Retype every line from the top of the entries down to the one with "Chanel Shoulder Bag", both included, and skip the pictures.
Top of SOURCE DATA
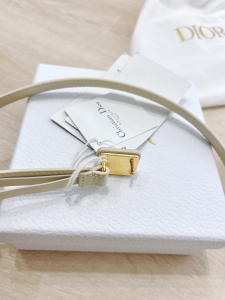 Luxury Womens Belts Dior Bobby Belt in White Smooth Calfskin 12MM A175PP240 AA159744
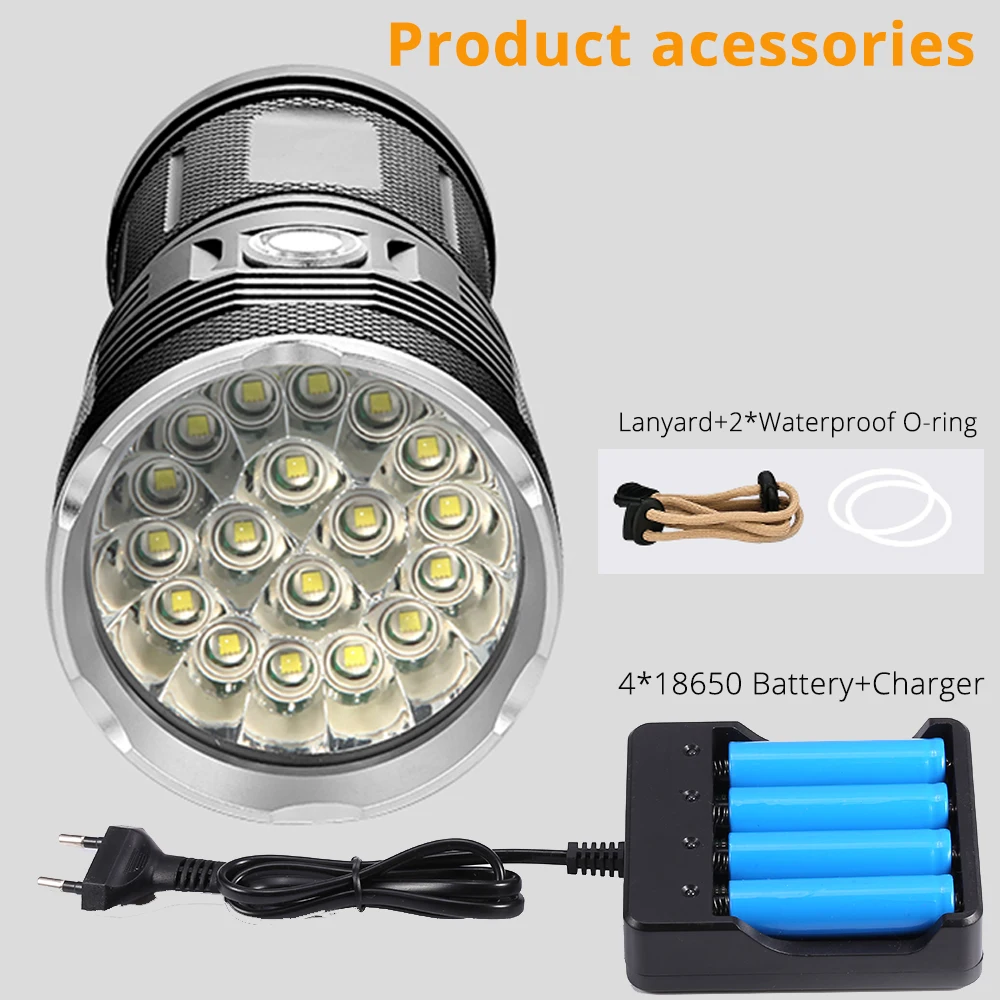  High Powerful LED flashlight 18*T6 LED torch flash light waterproof Portable Searchlight with 4*186 - 32910834190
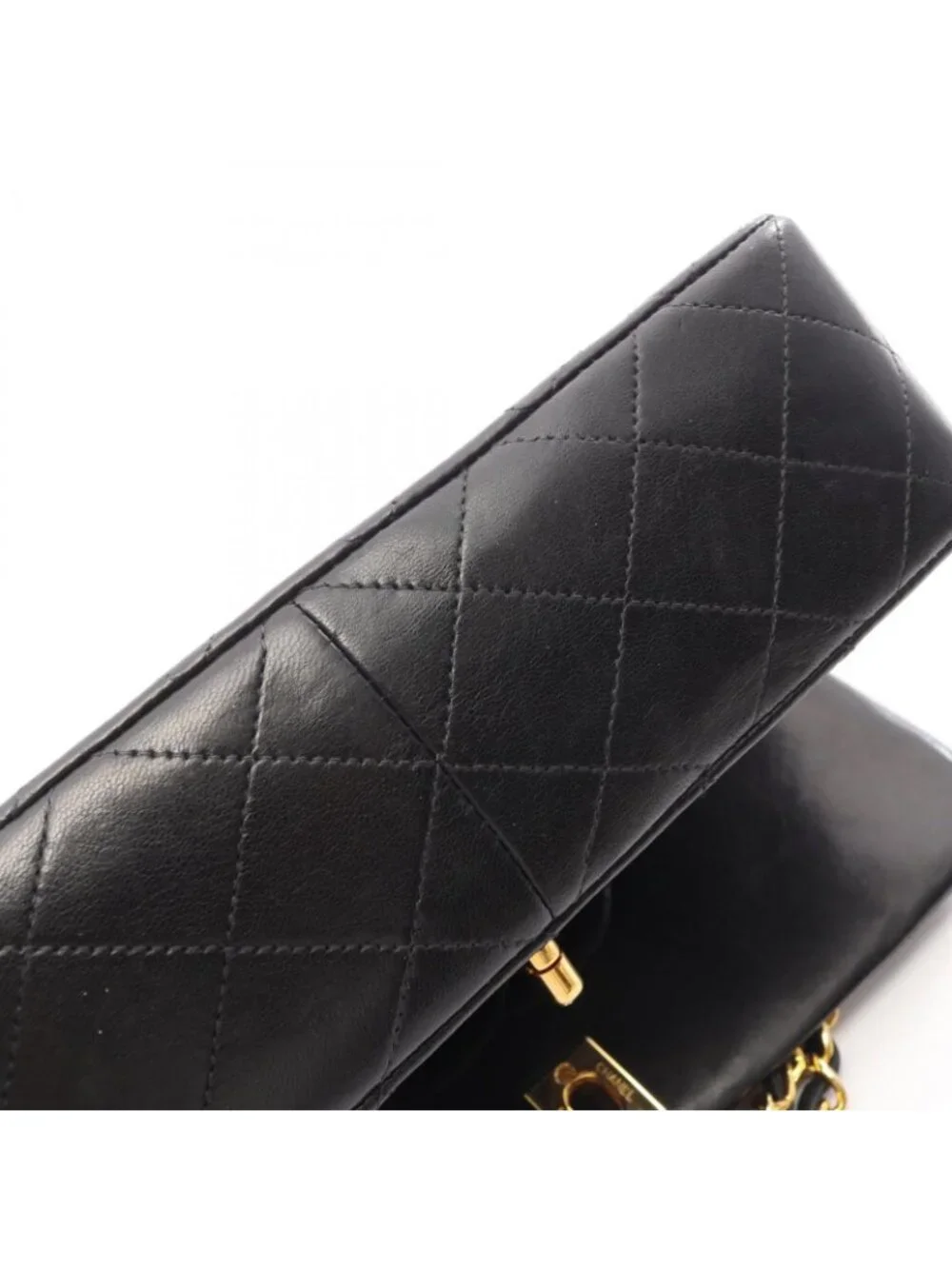 Chanel Shoulder Bag Full Flap Black Lambskin Quilted Chain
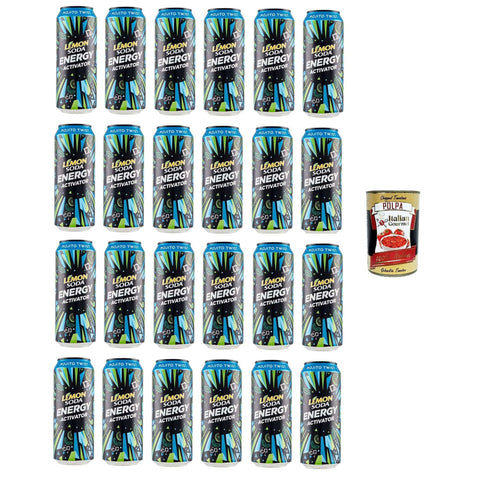 Lemonsoda Energieaktivator Mojito Twist alkoholfreies Getränk Sportgetränke 24x 50 cl Original italienisch inkl. Italian Gourmet Polpa 400g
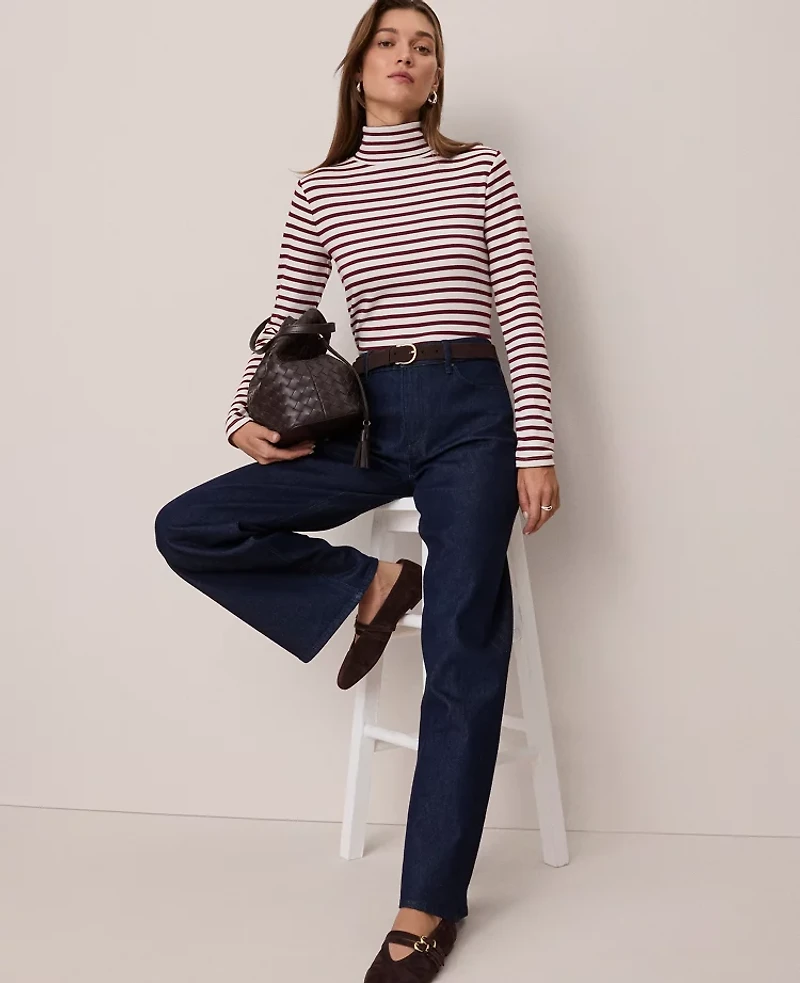 Ann Taylor Weekend Collection Striped Turtleneck Top Cherry Pie Women's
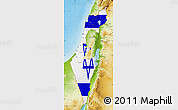 Flag Map of Israel, physical outside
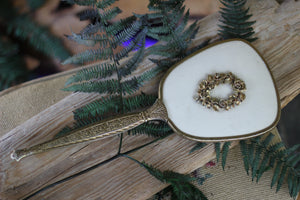 Antique Floral wreath Hand Mirror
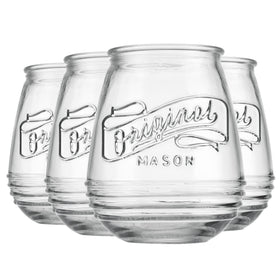 Glaver's stemless 21oz glasses ideal for home bar display and serving.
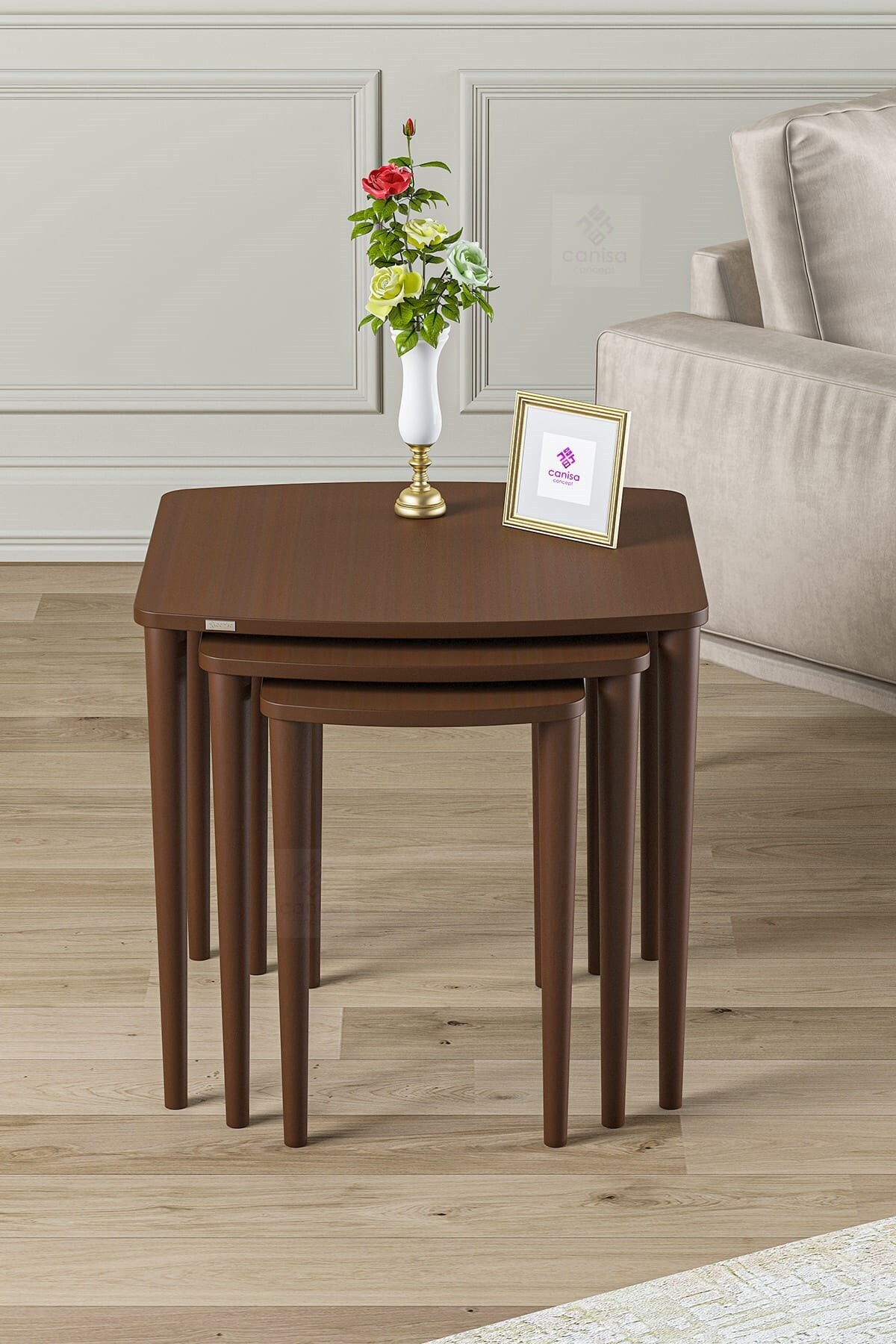 Canisa Concept Canisa Lizbon Serisi Mdf 1.sınıf 3 Lü Zigon Sehpa Takımı  Ceviz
Bottom of SOURCE DATA
▶ **TASK SOLUTION**:
 Luxury Womens Belts Dior Bobby Belt in White Smooth Calfskin 12MM A175PP240 AA159744
  High Powerful LED flashlight 18*T6 LED torch flash light waterproof Portable Searchlight with 4*186 - 32910834190
 Chanel Shoulder Bag Full Flap Black Lambskin Quilted Chain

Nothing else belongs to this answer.